Stock index futures pointed to a solid start on Wall Street on Wednesday after Barack Obama's presidential election victory removed uncertainty and paved the way for continued economic stimulus.
S&P 500 futures were up 0.8 points by 0938 GMT, having reversed earlier losses after challenger Mitt Romney conceded defeat. Under Obama, the Federal Reserve is expected to continue with its 'quantitative easing' stimulus programme, lending continued support to financial markets and the economy.
Nasdaq 100 futures rose 3.8 points, though Dow Jones industrial average futures were down 9 points in volatile European morning trade.

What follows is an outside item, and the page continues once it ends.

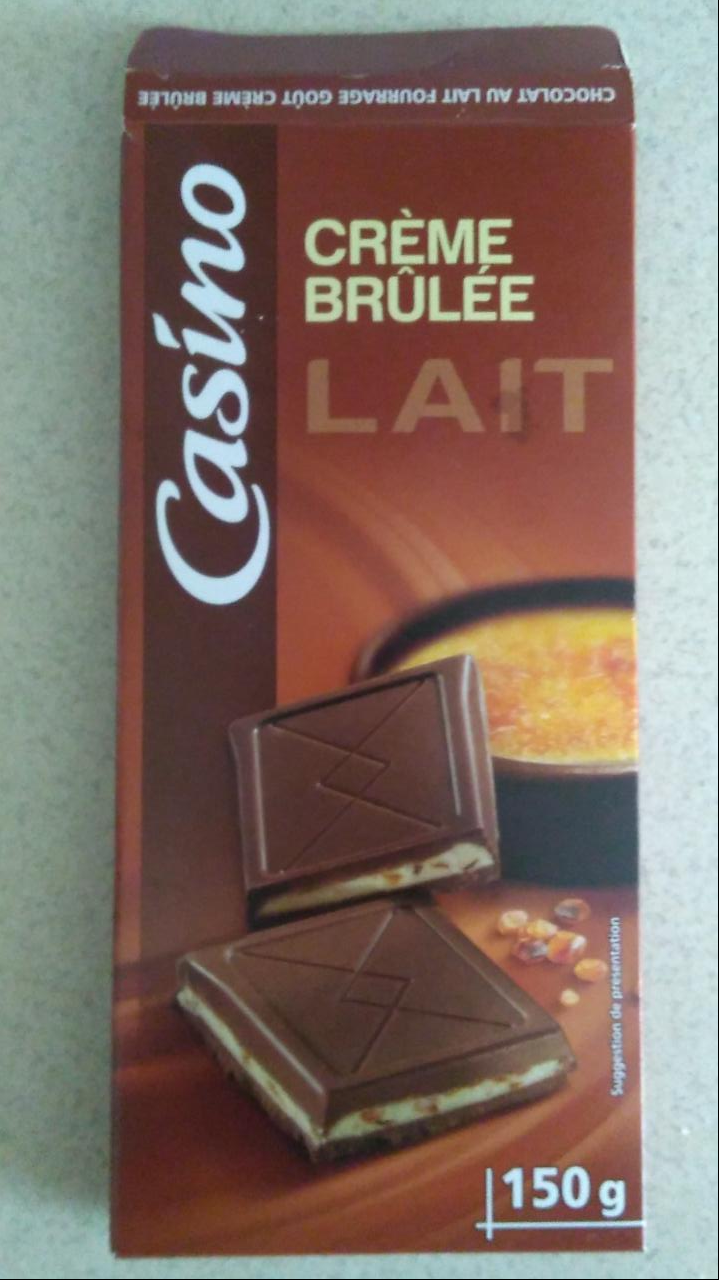 Fotografie - Casino créme brulee lait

Investors remained skeptical about the scale and durability of equity gains, with the focus now likely to turn to the "fiscal cliff" of some $600 billion in spending cuts and tax increases that are due to kick in next year and could derail the U.S. economic recovery.
"We have seen a euphoric rally over the Obama victory ... It is down to the fact that there will be less pressure on the Fed to change policy," said Stewart Richard, chief investment officer at London-based RMG, which holds a long position in U.S. equities partially hedged through implied volatility.
"But the upside in the very short term is limited because of the fiscal cliff issue. We don't intend to chase this rally."
U.S. futures also signaled to a more cautious mood than the European cash equity markets, which climbed to two-week highs. <.EU>
Although markets had expected an Obama victory, most traders and investors had backed Romney, who was seen as more pro-business and had raised more money on Wall Street.
Coal and defense shares had been seen as potential beneficiaries in case of a Romney win, although overall investors agreed that uncertainty would have been the worst outcome.
"What appears to be a decisive victory by President Obama in the U.S. presidential election will at least remove concerns of a prolonged period of uncertainty following what could have been a closely contested result," analysts at Credit Agricole CIB said in a note.
"Obama will now face the colossal task of resolving the looming fiscal cliff. Other indicators are not particularly rosy, with the Baltic Dry Index extending its declines overnight, perhaps indicating renewed growth concerns while the East coast of the U.S. is bracing for another storm, hot on the heels of Sandy."
Aside from digesting the election results, investors will also stay focused on third-quarter earnings, which have so far seen 68 percent of U.S. blue chips beat or meet earnings expectations, according to Thomson Reuters Starmine.
Shares in Rupert Murdoch's News Corp rose after the bell on Tuesday when the group reported forecast-beating profits.
Companies reporting on Wednesday include Kraft Foods Group , Macy's and Time Warner .
The S&P 500 closed 0.8 percent higher at 1,428.39 points on Tuesday <.SPX>.